This is an archive of the discontinued LLVM Phabricator instance.

[AArch64][SVE] Custom ISelLowering for 256b `shuffle_vector v, undef, <1, 1, 0, 0>`
Needs ReviewPublic

Authored by cameron.mcinally on May 3 2023, 7:57 AM.

Details

Summary

This is more a bug report than earnest patch...

We've found a couple of inefficiently lowered shuffles when targeting neoverse-v1 and VLS. This patch covers:

%x = shufflevector <2 x double> %v, <2 x double> poison, <4 x i32> <i32 1, i32 1, i32 0, i32 0>

It could be lowered in a number of ways, but I chose:

zip1 z0.d, z0.d, z0.d
ext z0.b, z0.b, z0.b, #16

The new lowering shows an 11% performance boost on 538.namd with our out-of-tree compiler.

Diff Detail

Event Timeline

cameron.mcinally requested review of this revision.May 3 2023, 7:57 AM
Herald added a project: Restricted Project. · View Herald TranscriptMay 3 2023, 7:57 AM
cameron.mcinally edited the summary of this revision. (Show Details)May 3 2023, 7:59 AM

For NEON, we would use the PerfectShuffle tables for something like this... should we try to use those tables here? I mean, I guess it's kind of narrow to implement perfect shuffle tables specifically for <4 x double>, but it might make sense...

We should probably also consider implementing a general-purpose fallback for shuffling that doesn't involve the stack. For a shuffle with one source, we can use tbl; I guess for the general case we'd have to use tbl+tbl+orr. (Sort of messy, but almost certainly better than the default fallback of storing to the stack element by element.)

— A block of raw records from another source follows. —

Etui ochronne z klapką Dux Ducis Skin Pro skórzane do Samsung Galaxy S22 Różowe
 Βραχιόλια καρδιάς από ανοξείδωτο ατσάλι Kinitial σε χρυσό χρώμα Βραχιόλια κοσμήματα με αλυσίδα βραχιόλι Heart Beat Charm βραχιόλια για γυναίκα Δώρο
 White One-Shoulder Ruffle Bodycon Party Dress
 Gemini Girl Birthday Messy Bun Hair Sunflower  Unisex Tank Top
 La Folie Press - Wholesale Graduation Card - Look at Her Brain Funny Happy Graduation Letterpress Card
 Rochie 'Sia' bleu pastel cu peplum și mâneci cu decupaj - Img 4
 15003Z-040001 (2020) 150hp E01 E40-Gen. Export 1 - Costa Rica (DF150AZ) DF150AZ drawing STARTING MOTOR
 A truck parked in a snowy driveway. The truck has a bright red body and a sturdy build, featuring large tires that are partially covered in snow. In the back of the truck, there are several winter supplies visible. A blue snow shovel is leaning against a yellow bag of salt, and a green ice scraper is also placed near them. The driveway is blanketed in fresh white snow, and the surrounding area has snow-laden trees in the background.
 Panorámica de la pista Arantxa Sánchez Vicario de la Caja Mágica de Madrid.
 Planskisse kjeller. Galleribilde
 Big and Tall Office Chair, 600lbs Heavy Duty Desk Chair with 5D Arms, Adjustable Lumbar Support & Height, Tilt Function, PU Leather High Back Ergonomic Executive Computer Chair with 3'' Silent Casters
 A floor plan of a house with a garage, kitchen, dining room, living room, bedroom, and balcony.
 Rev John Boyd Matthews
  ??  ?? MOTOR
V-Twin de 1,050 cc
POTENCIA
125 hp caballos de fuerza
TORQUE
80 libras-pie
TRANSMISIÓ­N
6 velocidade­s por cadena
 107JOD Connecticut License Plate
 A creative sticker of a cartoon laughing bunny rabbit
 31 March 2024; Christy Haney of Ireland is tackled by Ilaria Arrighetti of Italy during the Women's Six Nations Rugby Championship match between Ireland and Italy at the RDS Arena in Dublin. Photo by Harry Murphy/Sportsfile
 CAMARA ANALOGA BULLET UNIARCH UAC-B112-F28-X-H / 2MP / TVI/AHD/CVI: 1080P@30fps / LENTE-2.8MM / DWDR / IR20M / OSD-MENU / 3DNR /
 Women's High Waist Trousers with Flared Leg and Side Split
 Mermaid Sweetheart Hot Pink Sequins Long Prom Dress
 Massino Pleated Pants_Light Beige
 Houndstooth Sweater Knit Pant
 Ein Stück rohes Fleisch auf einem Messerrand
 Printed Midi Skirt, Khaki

@efriedma, I agree. There's a more general solution out there, but I'm too far removed from the AArch64 backend to see it.

The other interesting case from 538.namd is:

shufflevector <2 x double> %v, <2 x double> poison, <4 x i32> <i32 1, i32 0, i32 1, i32 0>

And I suspect there are more that I haven't found yet, especially from Complex.

Matt added a subscriber: Matt.May 5 2023, 2:38 PM